SR 26 begins as a four-lane divided highway at a diamond interchange with US 460 and SR 24 (Richmond Highway) just north of the town of Appomattox. The roadway continues south of the expressway bypass of the town as US 460 Business (Confederate Boulevard), which leads to the Appomattox Historic District. SR 26 reduces to a two-lane undivided road and heads north as Oakville Road through northwestern Appomattox County. The state highway passes through the hamlet of Oakville. Near the northern end of SR 26, the highway descends into the narrow valley of Bent Creek. The state highway crosses the stream just south of the stream's mouth at the James River.
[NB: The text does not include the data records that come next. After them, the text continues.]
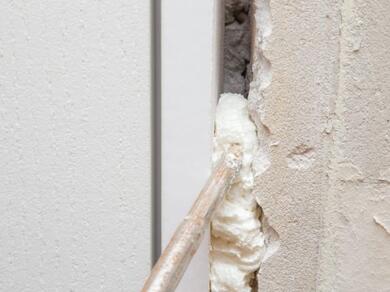 Close-up of expanding foam being injected into a gap between a door frame and wall structure using a foam gun, demonstrating Evostik filling and insulation solutions for sealing cavities and improving thermal efficiency.
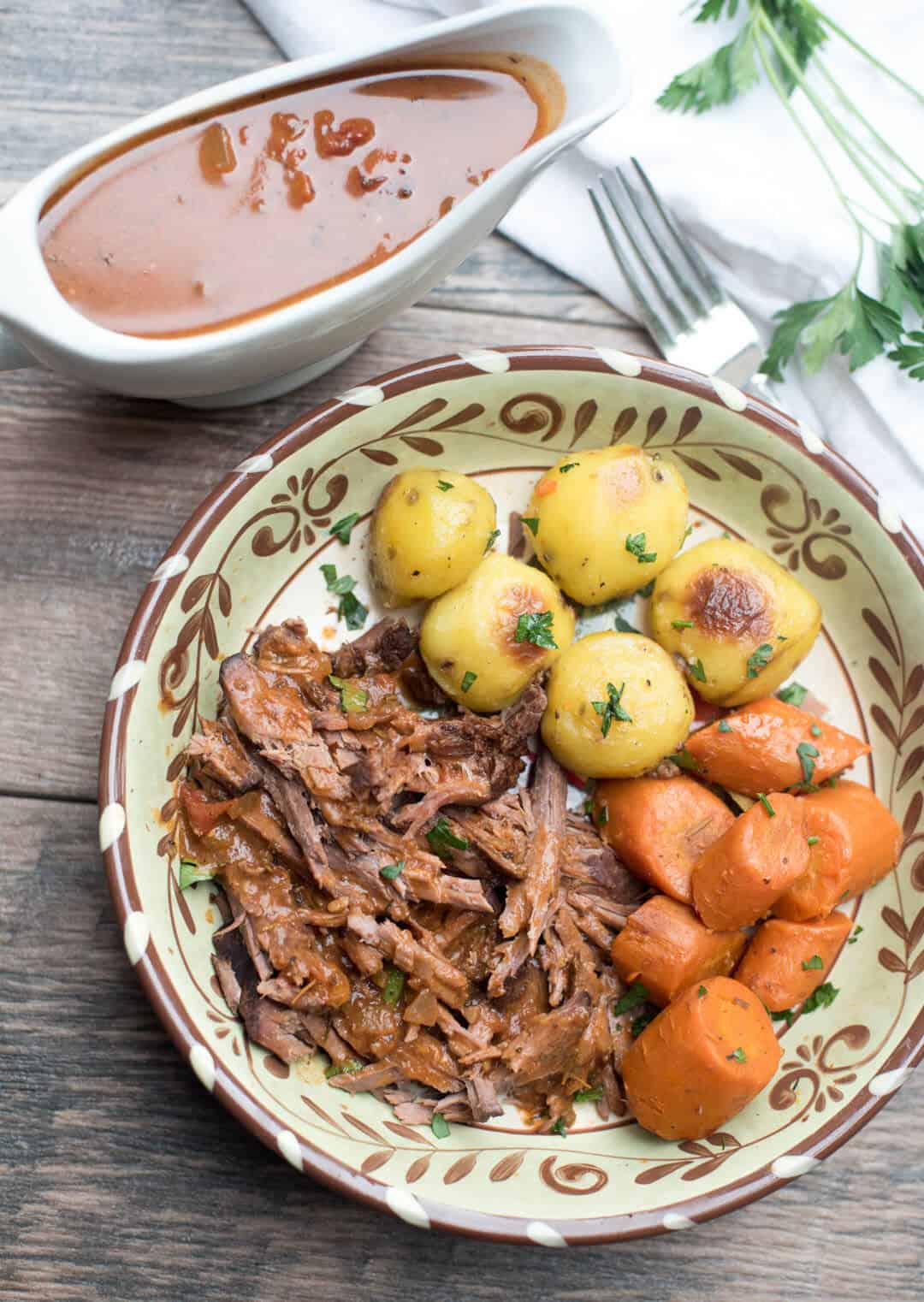 A serving of Slow Cooker Italian Pot Roast in a bowl with carrots and potatoes.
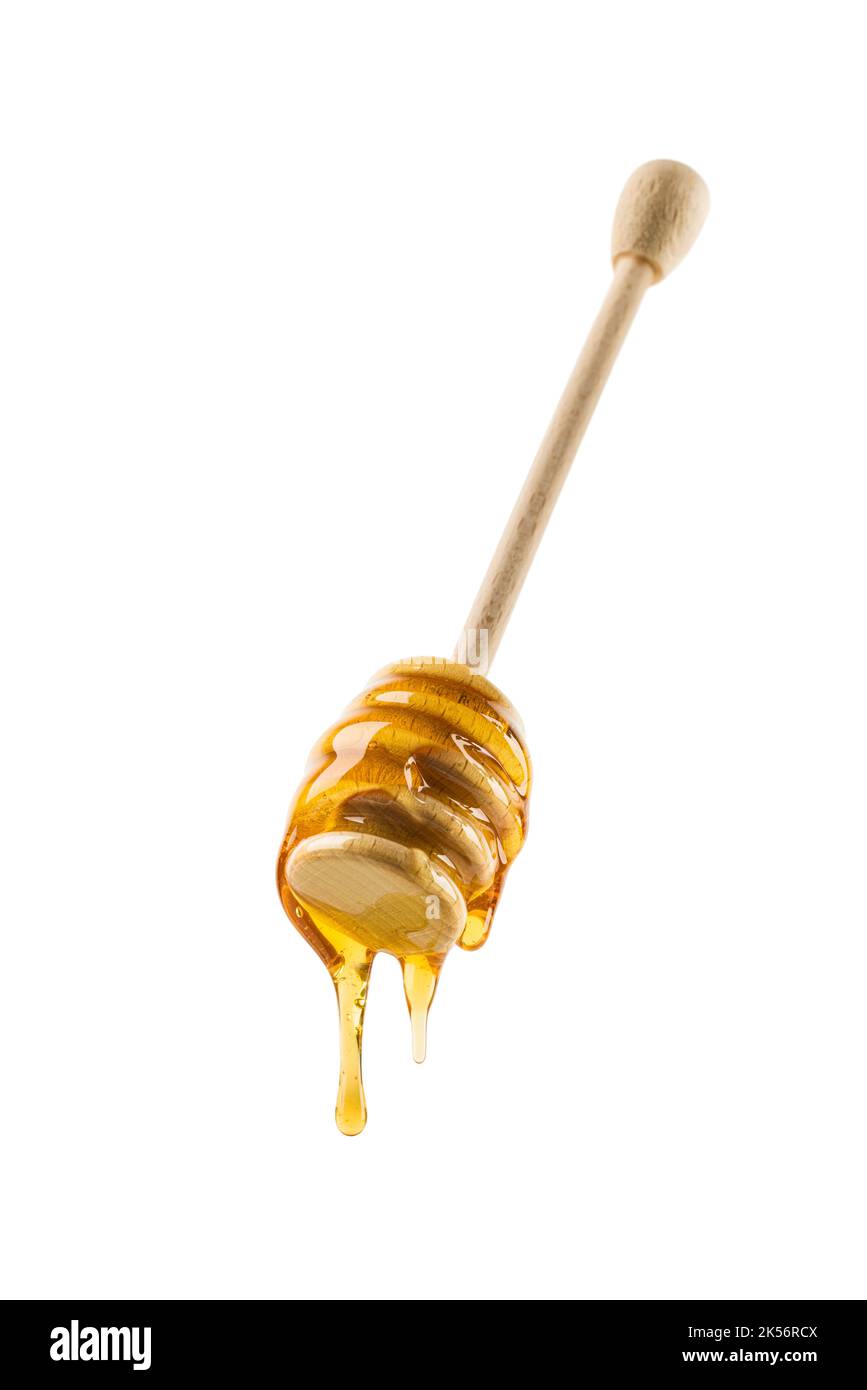 Miele che sgocciola da cucchiaia di legno, isolato su bianco. Foto Stock
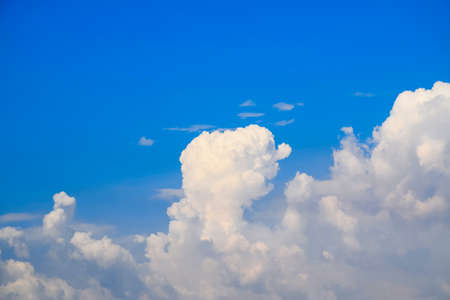 Blue sky and clouds backgroundの写真素材
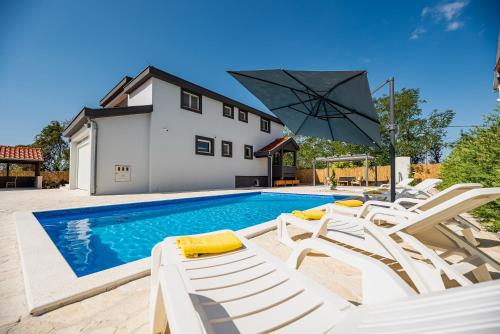 a swimming pool with white chairs and an umbrella at Villa Heaven in Donji Zemunik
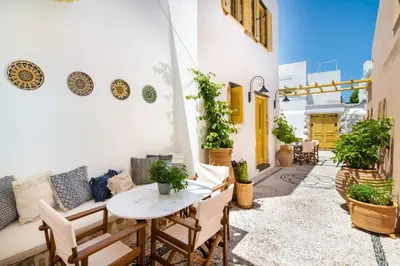 a patio with a table and chairs and plants at Villa il Vecchio Cortile in Rhodes Town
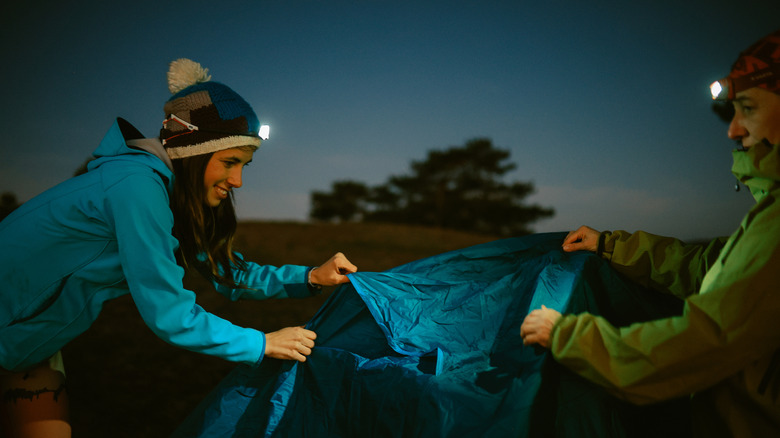 two people with headlamps on setting up tent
A short distance to the north, SR 26 reaches its terminus at US 60 (James Anderson Highway) in the hamlet of Bent Creek just south of the U.S. Highway's crossing of the James River.

==Major intersections==

| Location | mi | km | Destinations | Notes |
| Appomattox | 0.00 | 0.00 | US 460 / SR 24 (Richmond Highway) / US 460 Bus. east (Oakville Road) – Appomattox, Farmville, Lynchburg, Appomattox Court House National Historical Park | Interchange; southern terminus |
| Bent Creek | 12.83 | 20.65 | US 60 (Anderson Highway) / SR 605 north (Riverside Drive) – Amherst, Buckingham CH, James River State Park | Northern terminus |
1.000 mi = 1.609 km; 1.000 km = 0.621 mi

==History==
The route originally continued south of Appomattox through to Charlotte and Halifax Counties, passing by what is now VA 40 in Phenix and ending at what is now VA 92 in the former town of Clover. The Appomattox-Phenix portion is now SR 727, while the Phenix-Clover portion is now SR 746.